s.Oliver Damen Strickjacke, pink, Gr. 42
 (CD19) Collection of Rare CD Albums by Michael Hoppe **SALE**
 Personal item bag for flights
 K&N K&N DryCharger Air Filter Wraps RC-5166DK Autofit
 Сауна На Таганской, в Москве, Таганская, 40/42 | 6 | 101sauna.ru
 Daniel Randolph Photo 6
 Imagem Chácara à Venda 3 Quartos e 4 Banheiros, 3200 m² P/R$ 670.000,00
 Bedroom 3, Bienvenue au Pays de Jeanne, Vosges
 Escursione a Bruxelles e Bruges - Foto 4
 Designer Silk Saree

• Work to be completed
Your answer should contain every entry, transcribed exactly.

• Result for this task
s.Oliver Damen Strickjacke, pink, Gr. 42
 (CD19) Collection of Rare CD Albums by Michael Hoppe **SALE**
 Personal item bag for flights
 K&N K&N DryCharger Air Filter Wraps RC-5166DK Autofit
 Сауна На Таганской, в Москве, Таганская, 40/42 | 6 | 101sauna.ru
 Daniel Randolph Photo 6
 Imagem Chácara à Venda 3 Quartos e 4 Banheiros, 3200 m² P/R$ 670.000,00
 Bedroom 3, Bienvenue au Pays de Jeanne, Vosges
 Escursione a Bruxelles e Bruges - Foto 4
 Designer Silk Saree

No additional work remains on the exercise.